▸ DATA SECTION:
▬▬▬▬▬▬▬▬▬▬
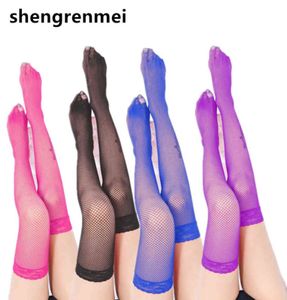 Shengrenmei 2019 Sexy Medias Mulheres Menina Meias Coxa Alta Moda Sobre The Knee Hosiery Grande Malha Pequena Dropshipping Y1119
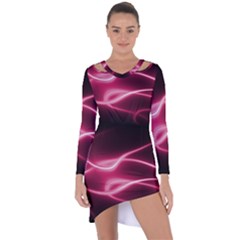 Neon Pink Glow Asymmetric Cut-out Shift Dress by SpinnyChairDesigns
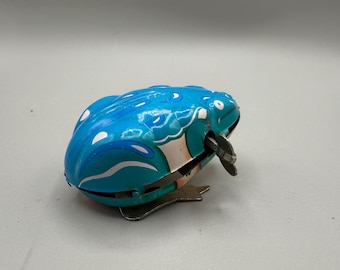 1970年代のヴィンテージジャンピングメカエルゼンマイ式ブリキおもちゃ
▬▬▬▬▬▬▬▬▬▬
All of the material should be reproduced exactly, apart from the pictures.

▸ ANSWER SECTION:
 Shengrenmei 2019 Sexy Medias Mulheres Menina Meias Coxa Alta Moda Sobre The Knee Hosiery Grande Malha Pequena Dropshipping Y1119
 Neon Pink Glow Asymmetric Cut-out Shift Dress by SpinnyChairDesigns
 1970年代のヴィンテージジャンピングメカエルゼンマイ式ブリキおもちゃ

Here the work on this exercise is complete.